Segment Start: Data supplied
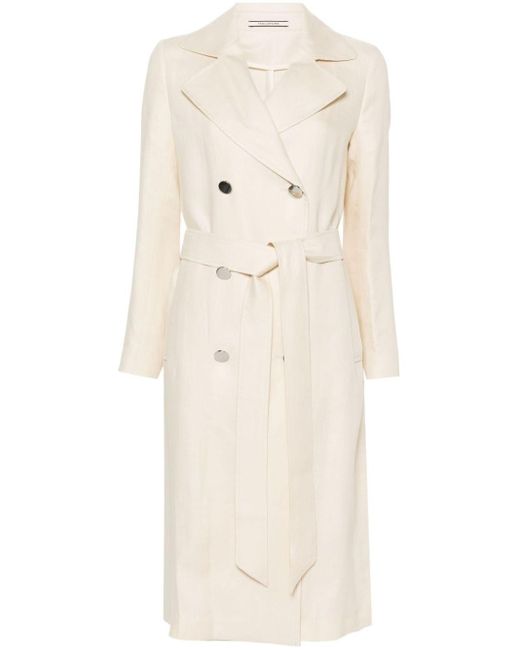 Tagliatore Natural Luce double-breasted linen coat
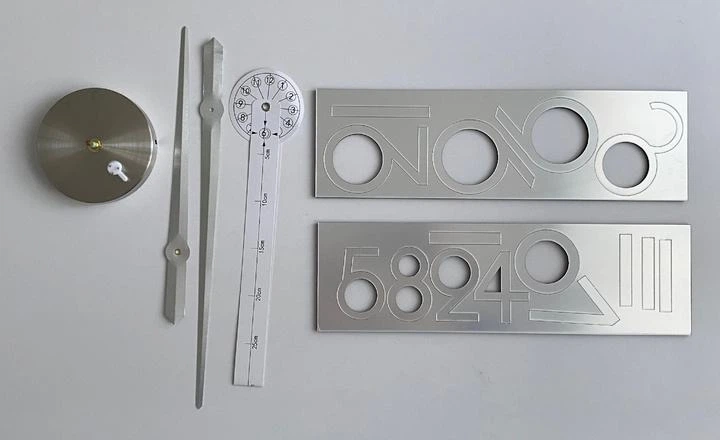 Настенные бескаркасные 3D часы Diy Nexus большие с зеркальным эффектом самоклеящиеся 60-130 см Серебристый - изображение 5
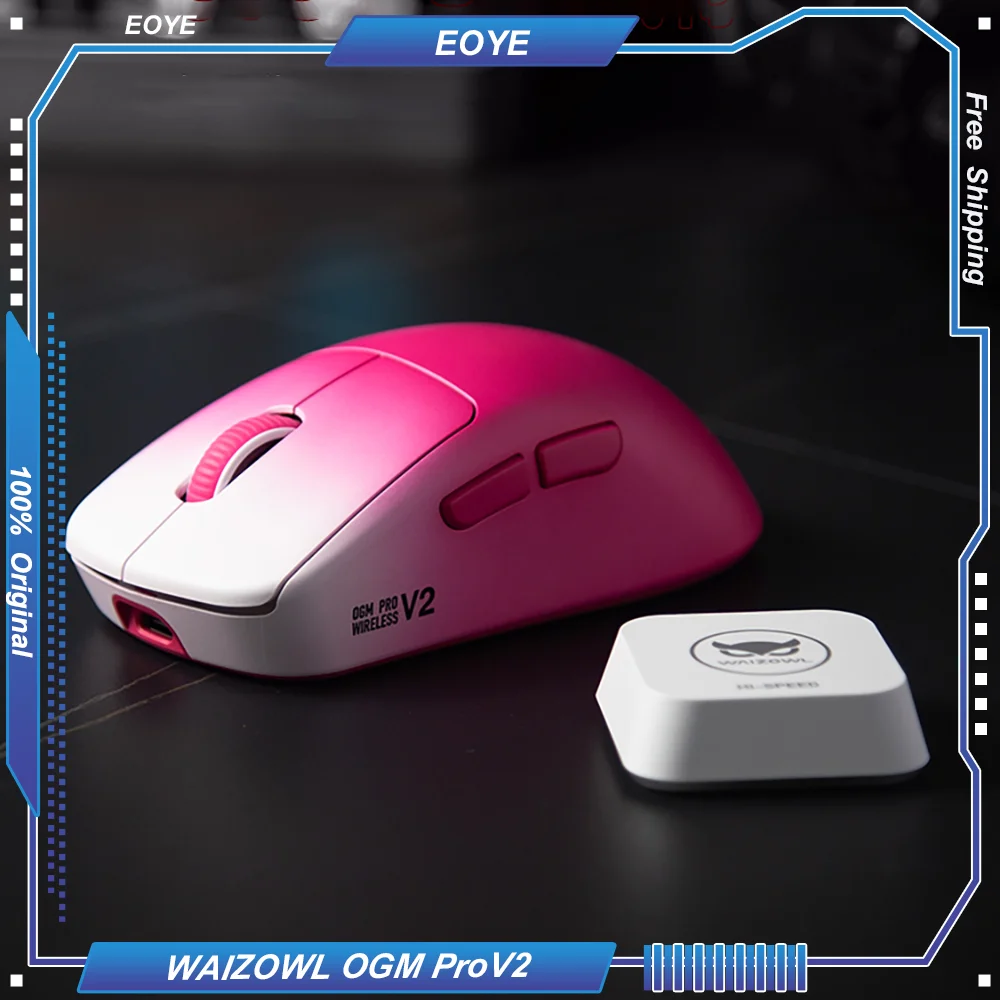 

WAIZOWL OGM ProV2 Wireless Tri-Mode Gaming Mouse Lightweight 48g PAW3950 8Khz Suapass Speed Right Hand Skin-like Coating Esports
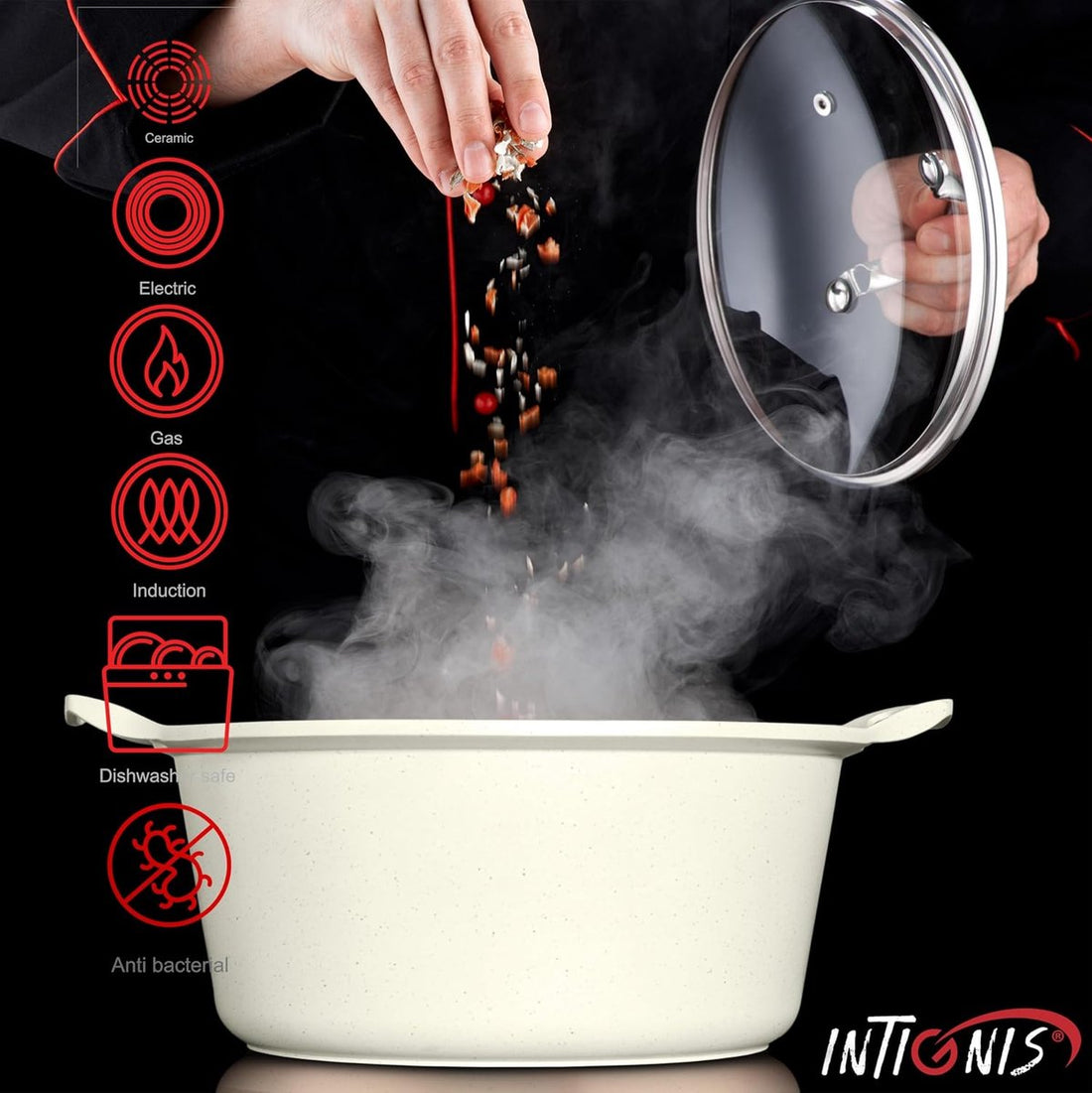 INTIGNIS® Schmortopf mit Deckel – 32 cm (10 Liter) – GREBLON Keramik-Antihaftbeschichtung – Geeignet für Induktion, Gas & Elektro – Inklusive Glasdeckel - Weiß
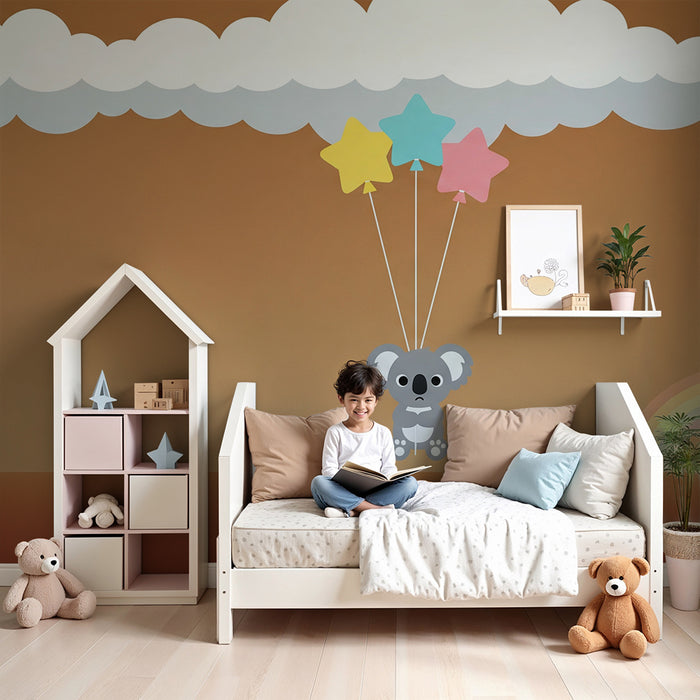 Papel de parede para quarto de bebé | Koala fofinho com balões estrelados e arco-íris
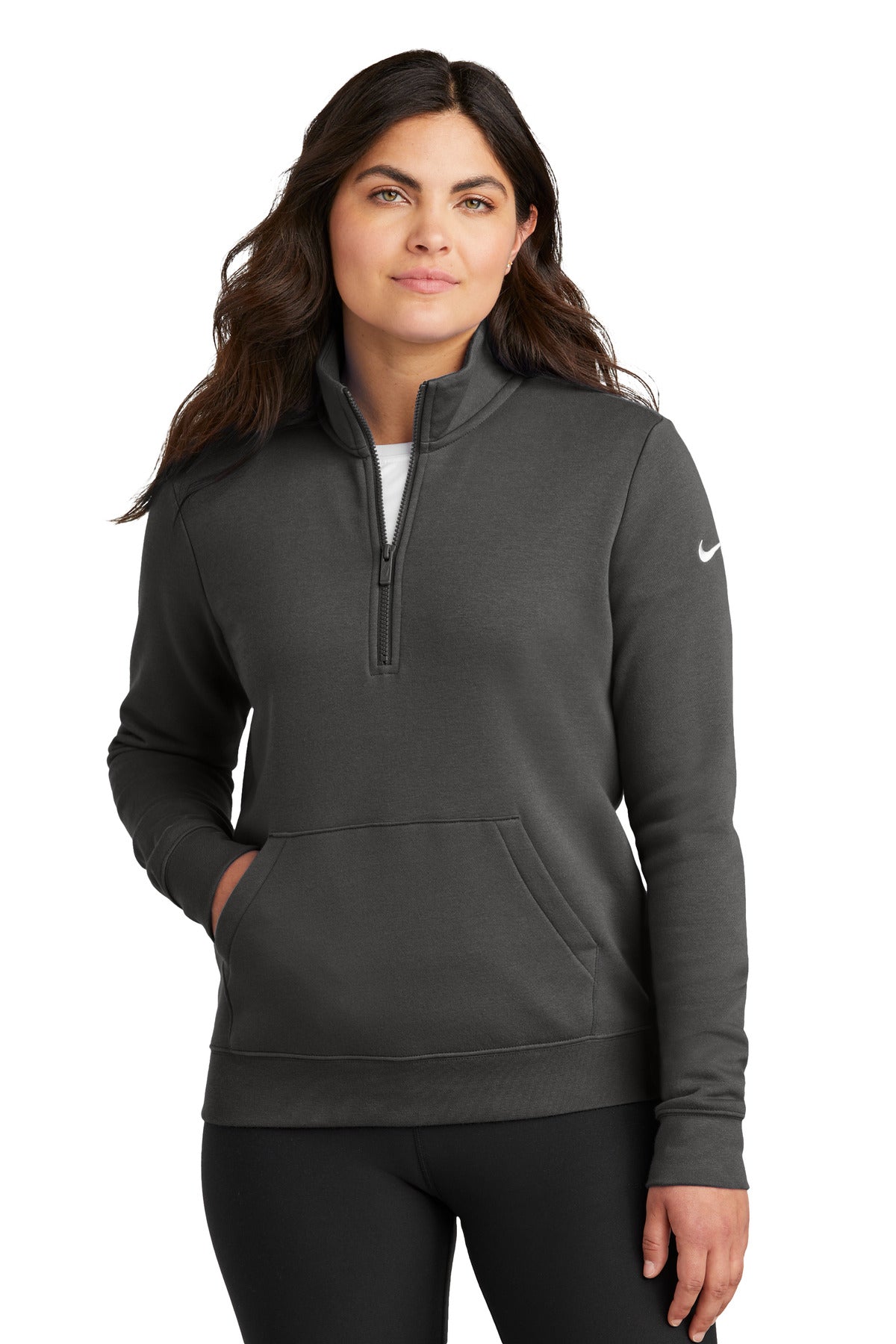 Nike NKDX6720 Women's Club Fleece Sleeve Swoosh 1/2-Zip With Custom Embroidery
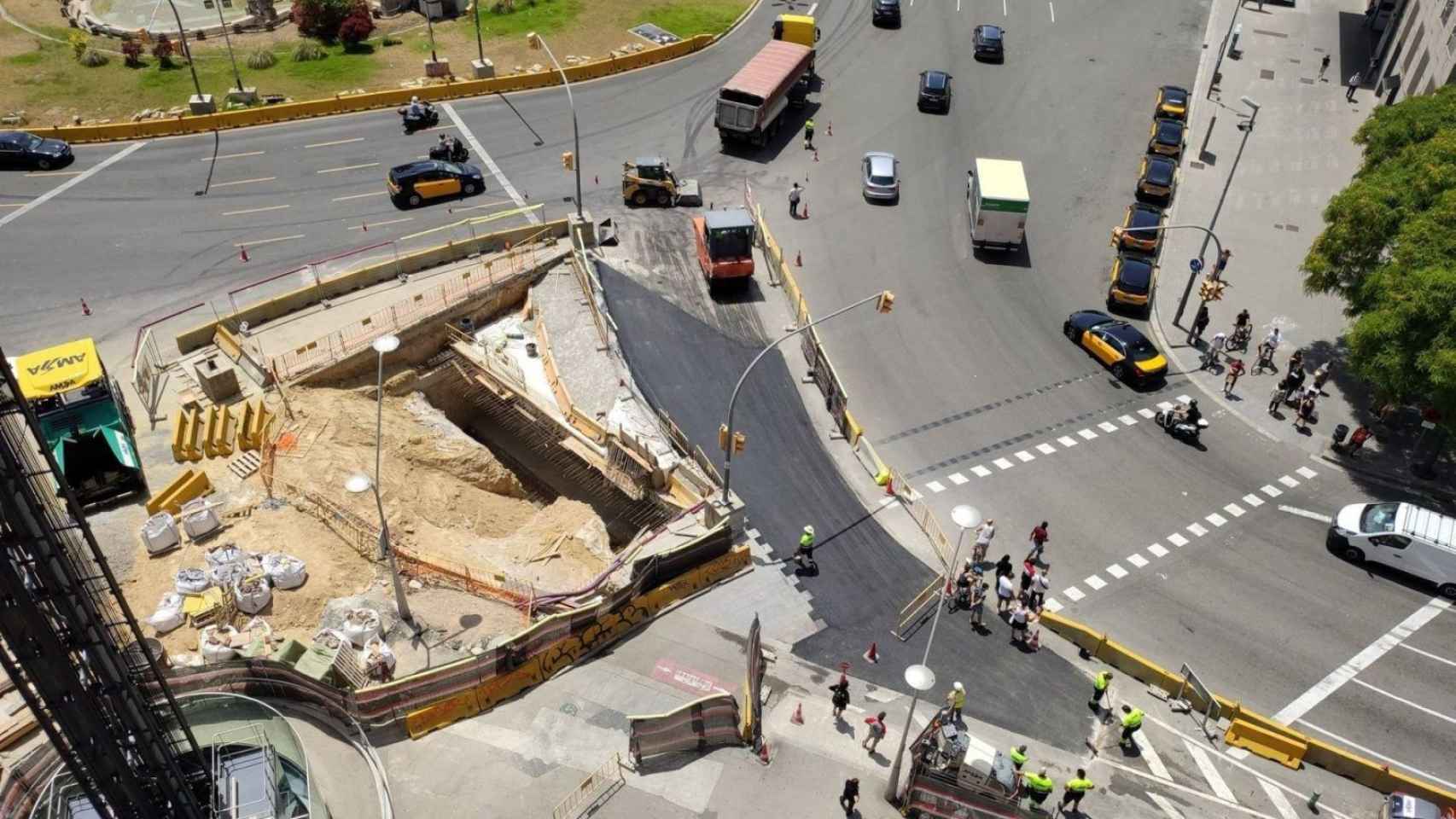 Obras del intercambiador entre Metro y FGC en plaza Espanya / GENERALITAT DE CATALUNYA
Segment End: Data supplied
● What is expected
The answer must be an exact restatement of all the records, with no pictures included.

● Solution for this problem
 Tagliatore Natural Luce double-breasted linen coat
 Настенные бескаркасные 3D часы Diy Nexus большие с зеркальным эффектом самоклеящиеся 60-130 см Серебристый - изображение 5

WAIZOWL OGM ProV2 Wireless Tri-Mode Gaming Mouse Lightweight 48g PAW3950 8Khz Suapass Speed Right Hand Skin-like Coating Esports
 INTIGNIS® Schmortopf mit Deckel – 32 cm (10 Liter) – GREBLON Keramik-Antihaftbeschichtung – Geeignet für Induktion, Gas & Elektro – Inklusive Glasdeckel - Weiß
 Papel de parede para quarto de bebé | Koala fofinho com balões estrelados e arco-íris
 Nike NKDX6720 Women's Club Fleece Sleeve Swoosh 1/2-Zip With Custom Embroidery
 Obras del intercambiador entre Metro y FGC en plaza Espanya / GENERALITAT DE CATALUNYA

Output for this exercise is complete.